Americans in Paris at National Gallery
Tuesday, 29 November 2005 09:58
LONDON, ENGLAND.-The National Gallery will present Americans in Paris . Paris was the centre of the art world in the 19th century and a magnet for American art students and artists, particularly after the 1860s. For the first time in Britain the National Gallery exhibition 'Americans in Paris' will look at why these artists were drawn to the city, what they found there, how they responded to it and what they retained of their experience. American artists studied both privately and at the Ecole des Beaux Arts, and longed to show their work at the annual Paris Salon. They watched the unfolding of Impressionism with fascination, and sometimes with horror. Even American artists who chose not to study in Paris, or visited the city only briefly, sought affirmation for their work there, finally making Impressionism an American style. 'Americans in Paris' includes works by high-profile artists such as James McNeill Whistler and John Singer Sargent alongside artists who will be less familiar to British audiences. Whistler's paintings will be among the highlights of the exhibition. His celebrated portrait of his mistress, 'White Girl' (1862, National Gallery of Art, Washington), hugely controversial when first shown at the notorious Salon des Refusés of 1863, will be shown in the same room as his portrait of his mother, 'Arrangement in Grey and Black No. 1' (1871, Musée d'Orsay, Paris).

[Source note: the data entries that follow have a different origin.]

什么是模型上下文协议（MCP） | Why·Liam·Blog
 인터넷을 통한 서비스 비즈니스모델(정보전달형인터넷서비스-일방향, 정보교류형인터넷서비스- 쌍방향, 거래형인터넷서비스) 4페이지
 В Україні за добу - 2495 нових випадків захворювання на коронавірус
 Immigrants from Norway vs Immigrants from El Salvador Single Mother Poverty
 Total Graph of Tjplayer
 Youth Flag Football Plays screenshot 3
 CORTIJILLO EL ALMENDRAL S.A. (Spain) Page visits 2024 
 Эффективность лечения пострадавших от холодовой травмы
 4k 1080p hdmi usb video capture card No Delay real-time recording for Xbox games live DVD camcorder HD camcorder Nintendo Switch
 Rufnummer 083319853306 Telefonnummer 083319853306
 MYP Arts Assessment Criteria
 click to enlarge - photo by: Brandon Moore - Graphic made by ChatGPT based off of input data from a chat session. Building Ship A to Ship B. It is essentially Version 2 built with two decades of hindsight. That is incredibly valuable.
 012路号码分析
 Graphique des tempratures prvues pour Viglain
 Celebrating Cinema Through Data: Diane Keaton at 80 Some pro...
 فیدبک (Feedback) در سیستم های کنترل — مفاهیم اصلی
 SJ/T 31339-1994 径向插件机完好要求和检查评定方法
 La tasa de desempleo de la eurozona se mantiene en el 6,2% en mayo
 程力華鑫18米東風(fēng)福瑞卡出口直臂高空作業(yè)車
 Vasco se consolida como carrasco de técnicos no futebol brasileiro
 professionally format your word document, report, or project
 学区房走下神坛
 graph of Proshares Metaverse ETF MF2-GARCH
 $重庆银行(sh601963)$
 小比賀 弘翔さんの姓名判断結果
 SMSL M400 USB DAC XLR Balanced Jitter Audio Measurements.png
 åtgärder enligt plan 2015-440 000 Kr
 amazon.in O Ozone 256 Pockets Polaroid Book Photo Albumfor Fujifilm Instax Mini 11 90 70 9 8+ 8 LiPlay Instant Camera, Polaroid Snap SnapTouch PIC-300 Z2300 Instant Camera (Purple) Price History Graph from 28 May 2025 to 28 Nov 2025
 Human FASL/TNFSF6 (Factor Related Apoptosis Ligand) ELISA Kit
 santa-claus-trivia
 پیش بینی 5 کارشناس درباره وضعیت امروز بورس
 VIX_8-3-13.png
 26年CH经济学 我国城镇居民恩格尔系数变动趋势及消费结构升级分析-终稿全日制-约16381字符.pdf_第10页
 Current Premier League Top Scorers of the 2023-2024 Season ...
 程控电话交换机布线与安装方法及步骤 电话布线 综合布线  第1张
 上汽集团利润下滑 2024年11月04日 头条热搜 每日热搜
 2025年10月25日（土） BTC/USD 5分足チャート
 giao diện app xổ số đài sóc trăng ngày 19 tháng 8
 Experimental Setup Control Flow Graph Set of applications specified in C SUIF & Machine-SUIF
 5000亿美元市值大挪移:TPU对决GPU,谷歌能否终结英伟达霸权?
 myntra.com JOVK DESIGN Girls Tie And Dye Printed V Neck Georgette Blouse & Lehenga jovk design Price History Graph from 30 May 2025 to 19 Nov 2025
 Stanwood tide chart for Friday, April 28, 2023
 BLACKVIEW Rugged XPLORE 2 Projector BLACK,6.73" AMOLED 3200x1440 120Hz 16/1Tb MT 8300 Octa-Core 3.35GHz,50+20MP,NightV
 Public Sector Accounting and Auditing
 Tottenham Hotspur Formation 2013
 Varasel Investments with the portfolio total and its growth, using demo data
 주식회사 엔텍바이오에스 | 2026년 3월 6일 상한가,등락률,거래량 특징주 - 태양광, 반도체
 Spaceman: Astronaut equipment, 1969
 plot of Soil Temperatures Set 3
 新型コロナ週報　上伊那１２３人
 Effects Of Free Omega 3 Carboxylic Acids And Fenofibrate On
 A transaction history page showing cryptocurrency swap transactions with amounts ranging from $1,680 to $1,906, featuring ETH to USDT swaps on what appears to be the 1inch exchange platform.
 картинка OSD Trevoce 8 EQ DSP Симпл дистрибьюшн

The selection of works by John Singer Sargent includes the painting that helped make him a sensation in Paris, 'Portrait of Madame X' (1883-84, Metropolitan Museum of Art, New York). A star wherever she appears, the portrait of Louisiana-born Virginie Gautreau will be shown with another remarkable portrait by Sargent, 'The Daughters of Edward Darley Boit' (1882, Museum of Fine Art, Boston). Rarely lent, this huge painting of the four daughters of fellow American painter Edward Darley Boit in the sumptuous entrance hall of their Paris apartment. Perhaps a third of American art students in Paris at this time were women, and 'Americans in Paris' includes work by several of them. Among them are the Bostonian Ellen Day Hale; Elizabeth Jane Gardner, the first American woman to win a medal at the Paris Salon; the Philadelphian Cecilia Beaux; and Mary Cassatt, the only American to show with the French Impressionists. Cassatt is very well represented, with paintings of her family and her favorite mother and child theme, as well as wonderful views of women at the theatre. This is the first time a group of her paintings has been assembled in Britain, allowing audiences to see why she was held in such high esteem by her fellow Impressionists.